We’ll now use the PySparkProcessor class to define a Spark job and run it using SageMaker processing. For detailed reference, see Data Processing with Spark.

[ ]:
import logging
from time import strftime, gmtime
from sagemaker.session import Session
from sagemaker.spark.processing import PySparkProcessor
from sagemaker.processing import ProcessingInput, ProcessingOutput

sagemaker_logger = logging.getLogger("sagemaker")
sagemaker_logger.setLevel(logging.INFO)
sagemaker_logger.addHandler(logging.StreamHandler())

sagemaker_session = Session()
bucket = sagemaker_session.default_bucket()
role = sagemaker.get_execution_role()
[ ]:
# fetch the dataset from the SageMaker bucket
import boto3

s3 = boto3.client("s3")
s3.download_file(
    f"sagemaker-sample-files", "datasets/tabular/uci_abalone/abalone.csv", "abalone.csv"
)

# upload the raw input dataset to a unique S3 location
timestamp_prefix = strftime("%Y-%m-%d-%H-%M-%S", gmtime())
prefix = "sagemaker/local-pyspark/{}".format(timestamp_prefix)
input_prefix_abalone = "{}/abalone-preprocess/input".format(prefix)
input_preprocessed_prefix_abalone = "{}/abalone-preprocess/output".format(prefix)

sagemaker_session.upload_data(path="abalone.csv", bucket=bucket, key_prefix=input_prefix_abalone)

# run the processing job
spark_processor = PySparkProcessor(
    base_job_name="local-pyspark",
    framework_version="3.1",
    role=role,
    instance_count=2,
    instance_type="ml.m5.xlarge",
    max_runtime_in_seconds=1200,
    tags=[{"Key": "tag-key", "Value": "tag-value"}],
)

spark_processor.run(
    submit_app="./code/preprocess.py",
    arguments=[
        "--s3_input_bucket",
        bucket,
        "--s3_input_key_prefix",
        input_prefix_abalone,
        "--s3_output_bucket",
        bucket,
        "--s3_output_key_prefix",
        input_preprocessed_prefix_abalone,
    ],
    spark_event_logs_s3_uri="s3://{}/{}/spark_event_logs".format(bucket, prefix),
    logs=False,
)

Inspect the first five rows of the preprocessed output file.

[ ]:
# get output file name from S3 and print the first five records
train_output_key = ""
response = s3.list_objects_v2(Bucket=bucket, Prefix=f"{input_preprocessed_prefix_abalone}/train")

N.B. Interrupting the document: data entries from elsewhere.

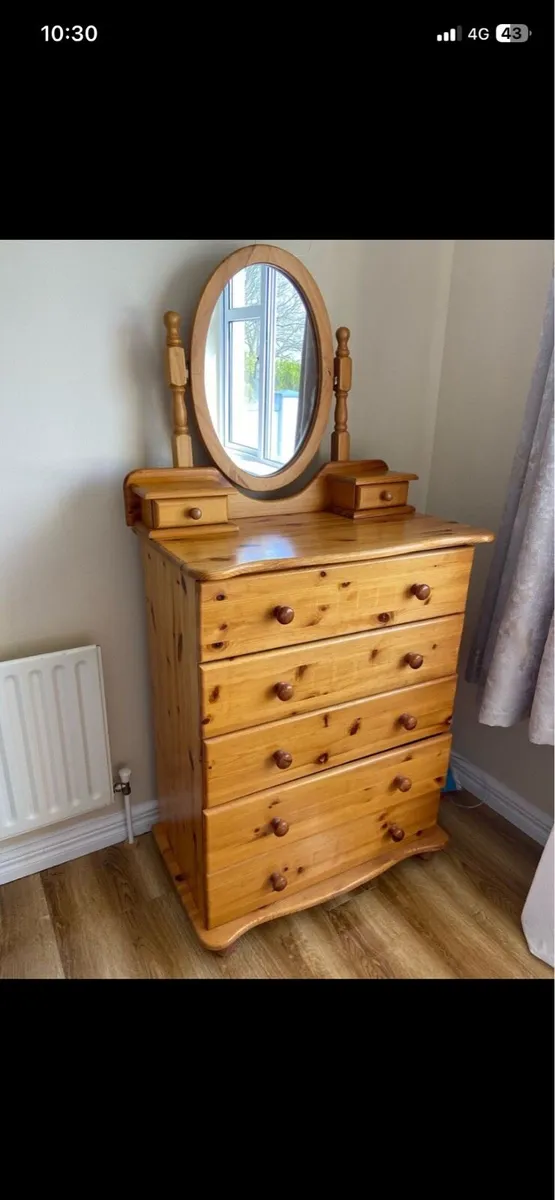 Chest of drawers - Image 1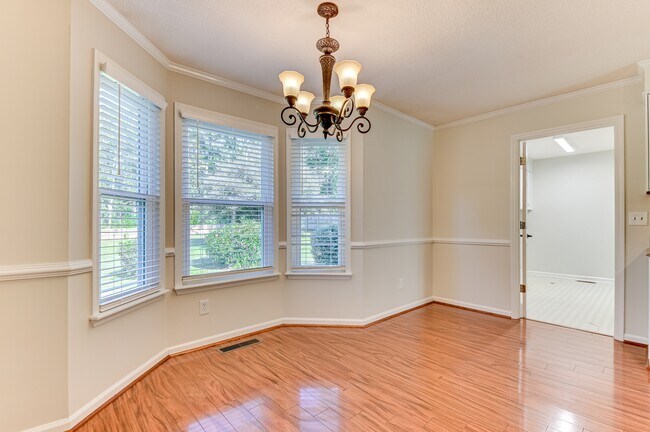Building Photo - 4135 Fox Brush Dr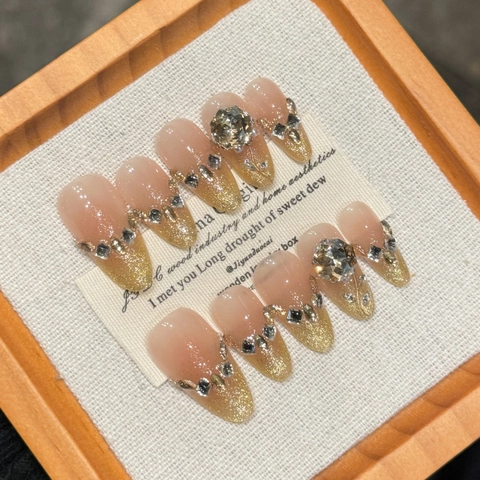 Handgefertigte Champagner Rose Strass Künstliche Fingernägel Farbverlauf Glitzer Mandel Falsche Nägel Luxus Maniküre Damen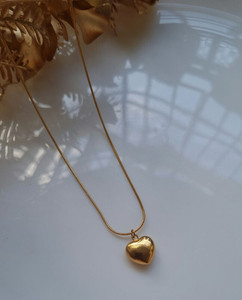 Winnifred Winnifred Anti Tarnish Stainlees Steel Gold Heart Pendent Necklace Crystal Gold-plated Plated Stainless Steel Necklace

for cont in response["Contents"]:
    if cont["Key"].endswith(".csv"):
        train_output_key = cont["Key"]

if train_output_key == "":
    print("Preprocessing train file not found. Check to make sure the job ran successfully.")
else:
    print("Top 5 rows from s3://{}/{}/train/".format(bucket, input_preprocessed_prefix_abalone))
    s3.download_file(bucket, train_output_key, "train_output.csv")
    print(pd.read_csv("train_output.csv", header=None).head())

Conclusion and Cleanup

In this notebook, we installed PySpark on Studio notebook and created a spark session to run PySpark code locally within Studio. You can use this as a starting point to prototype your Spark code on a smaller sample of your data before running the SageMaker processing job on your entire dataset. You can extend this example to preprocess your data for machine learning.

To avoid incurring costs, remember to shut down the SageMaker Studio app, or stop the notebook instance as necessary.